2024.03.18 富士通、日立と相次ぎ協業 AWSが日本のクラウド市場で攻勢

協業の狙いについて説明するAWSのウクポン氏

 アマゾン・ウェブ・サービス(AWS)は4月から、日本のIT企業との協業を加速させる。18日には富士通との戦略的協業を発表。既存情報システムの最新化(モダナイゼーション)に向けて連携し、メインフレーム(大型汎用コンピューター)で稼働する基幹システムのクラウド移行を支援する。11日には日立製作所とクラウドサービス強化に向けた戦略的協業を結んだばかりだ。

 「クラウドを安全な形で世界中に提供するわれわれと、日本のメインフレーム市場でリーダーの富士通による強力なチームによって、生成AI(人工知能)時代のメインフレームデータ活用を支援していきたい」。18日、東京都千代田区で開いた記者会見で、AWSグローバルサービス担当バイスプレジデントのウウェム・ウクポン氏はこう力を込めた。

 メインフレームやUNIXサーバー上で稼働する基幹システムを、オンプレミス(社内運用)からクラウドに移行する取り組みが進んでいる。こうした中、富士通は、2030年にメインフレーム、29年にUNIXサーバーの販売を終了する方針を示す。

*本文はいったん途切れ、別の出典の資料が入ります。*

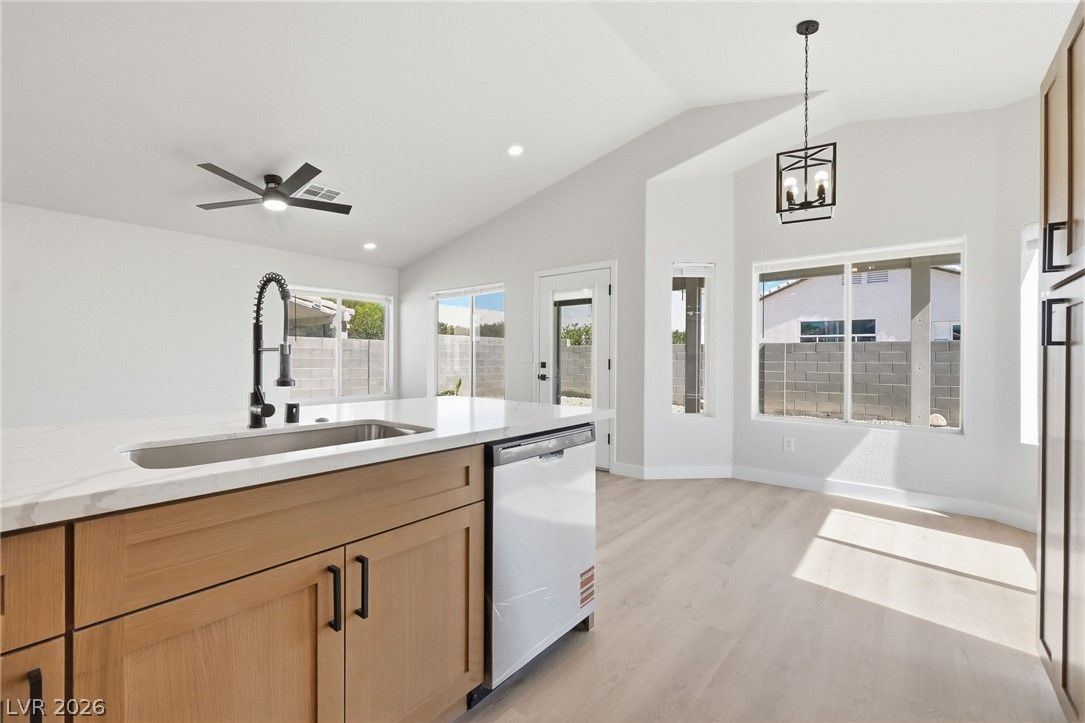 1530 Duhamel Way — photo 4 of 21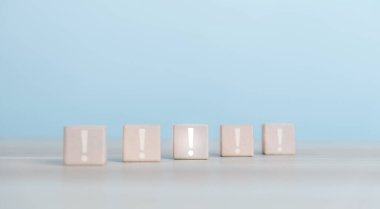 Tahta blok bir ikon ünlem işareti gösteriyor. Dikkat. Uyarı, uyarı ya da fikir kavramı. İş ve güvenlikte önemli bilgiler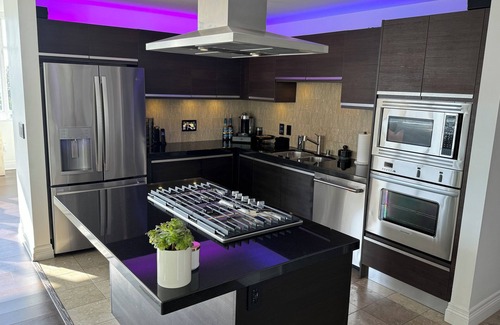 Irvine Business Complex Condo | Irvine 2-bedroom condo in luxury high-rise with full amenities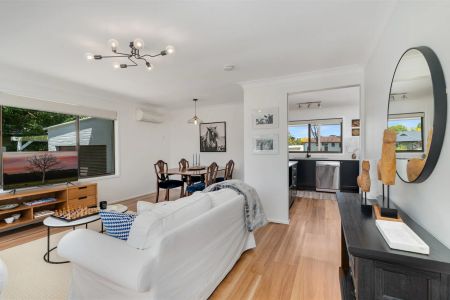 Bright Interiors, Relaxed Outdoor Living - Photo 2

 協業は4月1日から。まずは約700台が稼働する富士通製メインフレームの利用企業を対象にクラウド移行を支援し、富士通製UNIXサーバー(約9600台)や他社製メインフレームに順次対象を拡大。29年までの5年間で欧州、北米、アジアなど40社・団体を支援する方針だ。

 AWSは、日立との戦略的協業を11日に発表している。日立は4月1日からAWSの技術支援を受け、複数のクラウドを組み合わせたハイブリッドクラウド環境の提案を強化する。

 AWSは今年1月、日本でのクラウドサービス拡大に向け、27年までに国内クラウドインフラに2兆2600億円を投資する方針を明らかにしている。日本のIT企業と連携を深めることで、クラウド移行が拡大する官公庁や企業の需要獲得に向け攻勢を強めたい考えだ。